You will NOT see the HTTP method, URL, headers, or body inside HTTPS traffic.

For encrypted traffic, use:

  • Application-level logging (the application itself logs requests/responses)
  • A MITM proxy like mitmproxy (intercepts TLS, requires installing its CA cert)
  • curl -v to the same endpoint (the most practical approach)

tshark - Wireshark’s CLI

tshark provides more sophisticated protocol decoding than tcpdump:

# Capture with a display filter (Wireshark filter syntax)
tshark -i any -Y 'http.request.method == "POST"'

# Show only HTTP requests
tshark -i any -Y 'http.request' -T fields -e http.host -e http.request.uri

# Read a pcap file with filters
tshark -r /tmp/capture.pcap -Y 'tcp.port == 8080'

tshark is not installed by default on most systems. Install it with pacman -S wireshark-cli (Arch) or apt install tshark (Debian/Ubuntu).
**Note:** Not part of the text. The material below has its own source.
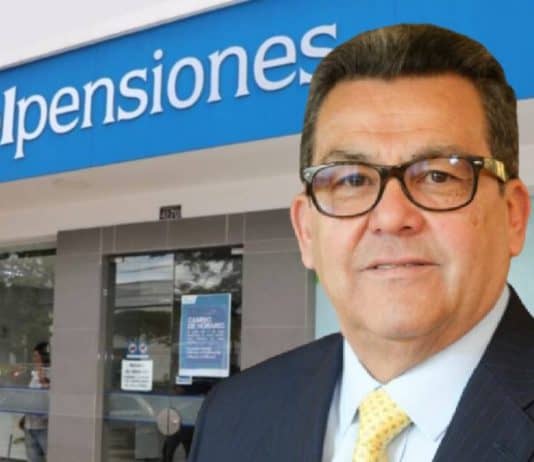 Jaime Dussán y fachada de Colpensiones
AGENTIC GROUNDING: tcpdump on the Docker bridge network shows what traffic flows between containers. When the agent sandbox cannot reach the orchestration server, run sudo tcpdump -i docker0 port 8080 and attempt the connection. If you see SYN packets leaving but no SYN-ACK returning, the problem is routing or firewall rules, not the application. If you see no packets at all, the problem is DNS resolution (the container is resolving the hostname to the wrong IP) or the application is not even attempting the connection.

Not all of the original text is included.